Ecosyste.ms: Awesome

An open API service indexing awesome lists of open source software.

Awesome Lists | Featured Topics | Projects

https://github.com/atl/thrifty-p2p

A very simple python peer-to-peer implementation using consistent hashing (and an example distributed key-value store layered atop it) using the Thrift protocol and its basic RPC capabilities.
https://github.com/atl/thrifty-p2p

Last synced: about 1 month ago
JSON representation

A very simple python peer-to-peer implementation using consistent hashing (and an example distributed key-value store layered atop it) using the Thrift protocol and its basic RPC capabilities.

Awesome Lists containing this project

README

        

# thrifty-p2p #

A very simple peer-to-peer implementation using consistent hashing, the
[Thrift][] protocol and its basic RPC capabilities. It is not expected to be
generically usable by arbitrary projects: thrifty-p2p implements a flat
network, which is justifiable for the author's purposes (distributing
processing amongst dozens of data-rich nodes), but will encounter trouble
scaling.

[Thrift]: http://incubator.apache.org/thrift/

## Basic usage ##

python location.py [-h peer_node] [-p port_num] [--help]

Initiates and/or joins a simple peer-to-peer network. Default port\_num
is 9900. Absent a peer\_node (which is the peer initially contacted for
joining the network), the command initiates a network.
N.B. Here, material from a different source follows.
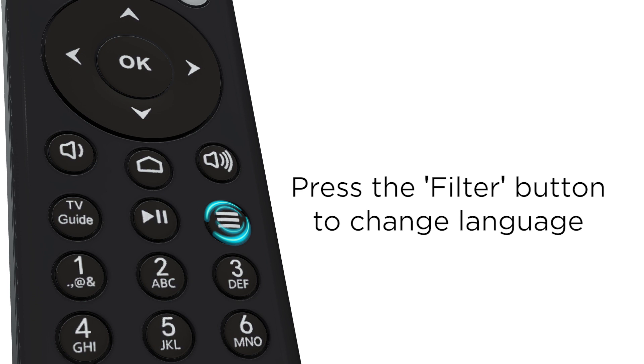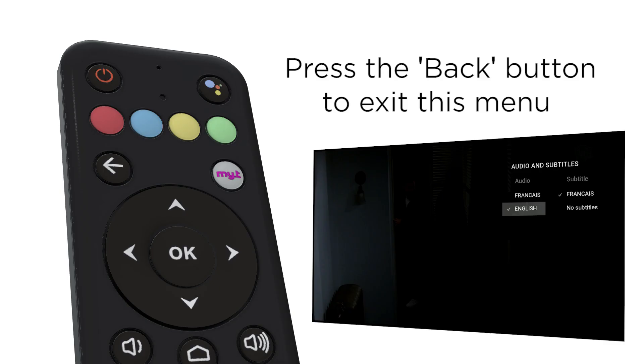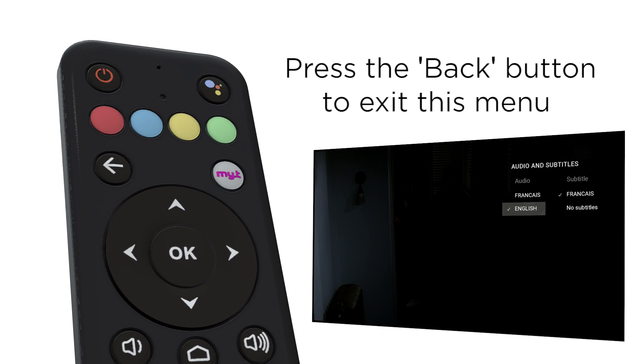Go to audio and subtitles and select your language by using the navigation keys and press OK. Then press the back button to exit the first menu and the second menu. You can now enjoy your program in your preferred language.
Example usage, in different terminal windows:

python location.py

python location.py --host localhost:9900 --port 9901

python location.py -h localhost:9901 -p 9902

... etc. ...

## Dependencies & Requirements ##

The basic server uses consistent hashing via [hash_ring.py][], developed by
[Amir Salihefendic][]. For better and for worse, I modified the code to
allow for easier node set manipulations (as if it were a list) and
different node resolution behavior so that the internal keys are more
directly related to md5 hashes.

The library requires the [Apache Thrift][] [Python libraries][] to be
installed, but -- because the thrift compiler has been run already -- does
not currently require the Thrift compiler or any other language libraries.

[hash_ring.py]: http://pypi.python.org/pypi/hash_ring/
[Amir Salihefendic]: http://amix.dk/blog/viewEntry/19367
[Apache Thrift]: http://incubator.apache.org/thrift/
[python libraries]: http://pypi.python.org/pypi/thrift/1.0

## Design priorities ##

I'm using [Thrift][] as much for its simple RPC underpinnings as the message
format. I wanted to consistently distribute some processing and bother
as little as possible with node lookup. This is the simplest thing that
I came up with that sort-of works: a flat peer-to-peer network with each
node keeping up with the state of all the nodes as well as it can. This
necessarily limits the ring's ability to scale beyond dozens of nodes.

# diststore #

Diststore is an example of an application that can be layered atop the
thrifty-p2p location service. It's a toy version of a distributed key-value
store of the sort that all the cool kids are doing these days. The underlying
peer-to-peer implementation makes no attempt to optimize for large scales, so
don't get too excited about deploying this in production. Rather, it's
provided for instruction and testing.

Although diststore.thrift uses locator.thrift for a lot of its interfaces,
the implementation overloads some of the base methods as an illustration
of how this simple library might be used in other projects.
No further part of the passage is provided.